◆ Directions for this task
Two lines below mark the span: the one containing "Used 2025 Toyota" and the one containing "Casa com 300m²". Set down both, plus every line between, exactly as they stand, and nothing else.

◆ Entries supplied
= = = = =

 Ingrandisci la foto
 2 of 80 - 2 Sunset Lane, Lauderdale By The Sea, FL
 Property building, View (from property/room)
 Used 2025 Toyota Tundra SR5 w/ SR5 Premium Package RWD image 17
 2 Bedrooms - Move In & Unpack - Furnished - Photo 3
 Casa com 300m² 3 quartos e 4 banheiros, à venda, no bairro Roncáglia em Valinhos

= = = = =

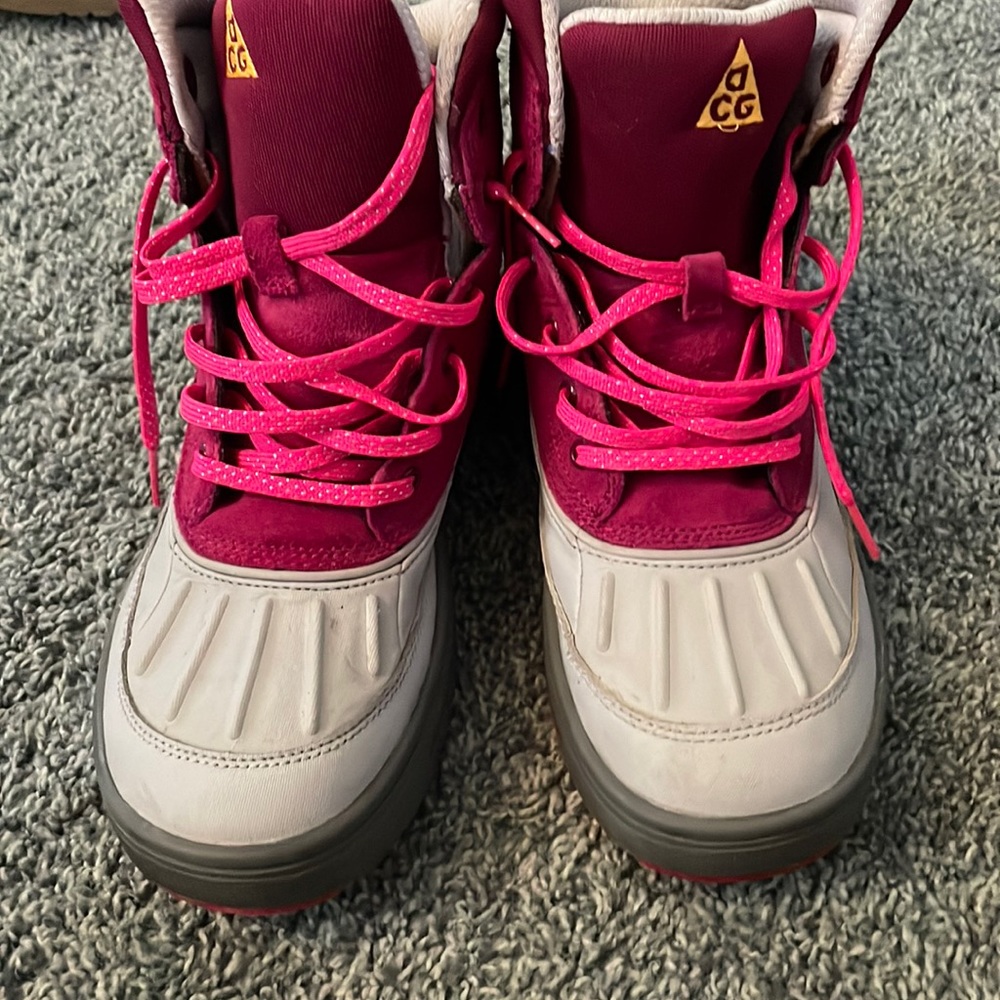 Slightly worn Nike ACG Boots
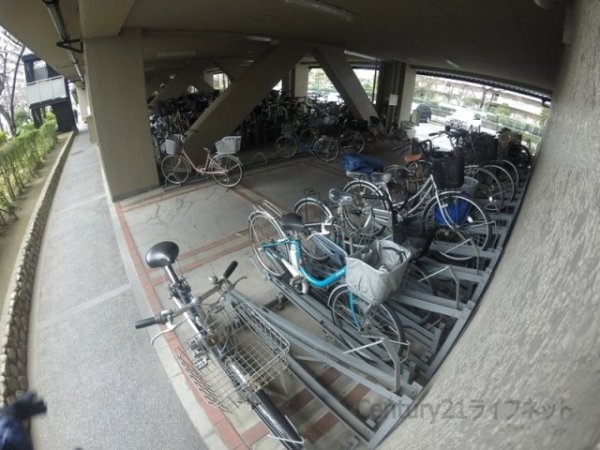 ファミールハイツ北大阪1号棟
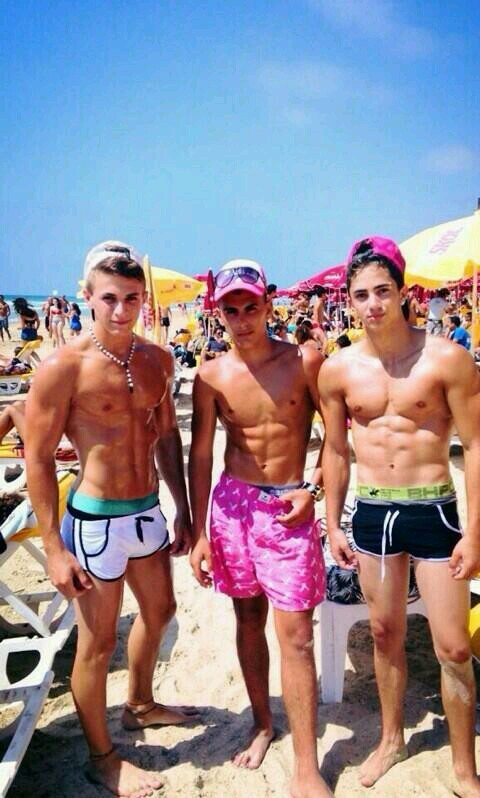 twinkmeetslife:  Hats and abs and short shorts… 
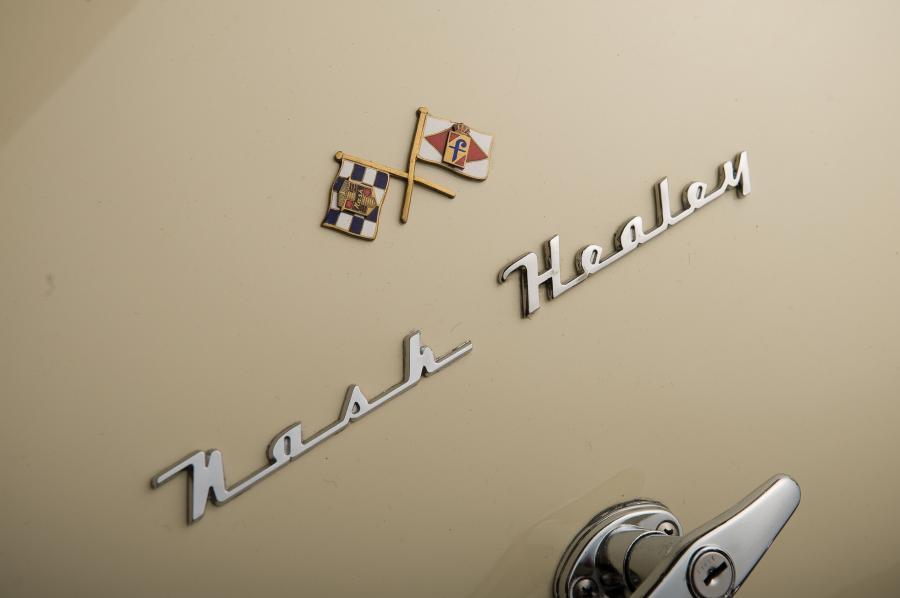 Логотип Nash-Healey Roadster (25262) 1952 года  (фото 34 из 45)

= = = = =

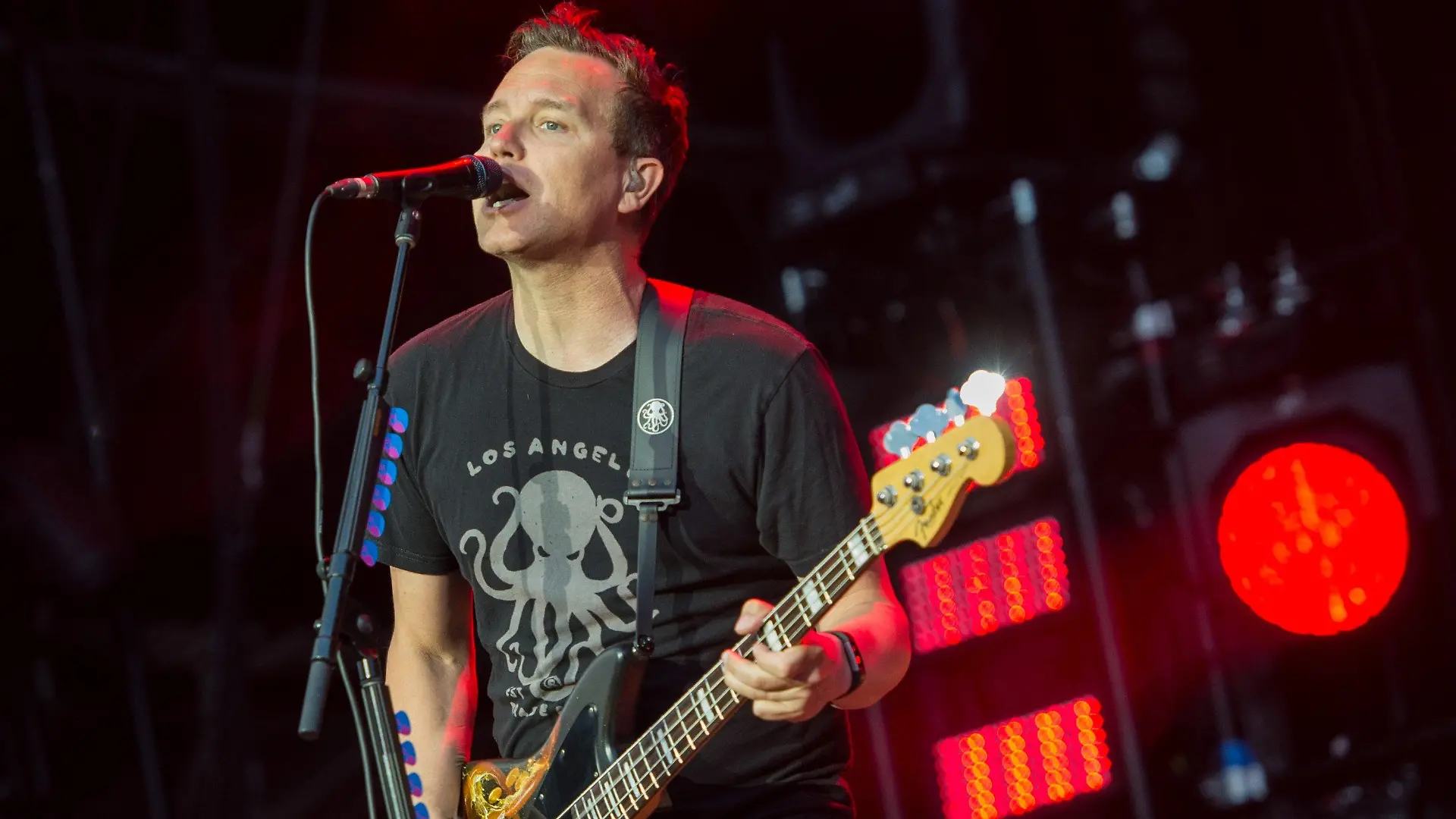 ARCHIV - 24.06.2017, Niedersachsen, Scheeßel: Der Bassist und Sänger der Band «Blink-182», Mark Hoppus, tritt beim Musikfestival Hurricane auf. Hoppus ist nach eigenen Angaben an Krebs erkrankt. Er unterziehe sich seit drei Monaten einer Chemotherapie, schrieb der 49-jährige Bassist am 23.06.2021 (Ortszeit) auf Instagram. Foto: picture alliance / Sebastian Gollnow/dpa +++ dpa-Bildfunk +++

= = = = =

◆ Answer below
 Used 2025 Toyota Tundra SR5 w/ SR5 Premium Package RWD image 17
 2 Bedrooms - Move In & Unpack - Furnished - Photo 3
 Casa com 300m² 3 quartos e 4 banheiros, à venda, no bairro Roncáglia em Valinhos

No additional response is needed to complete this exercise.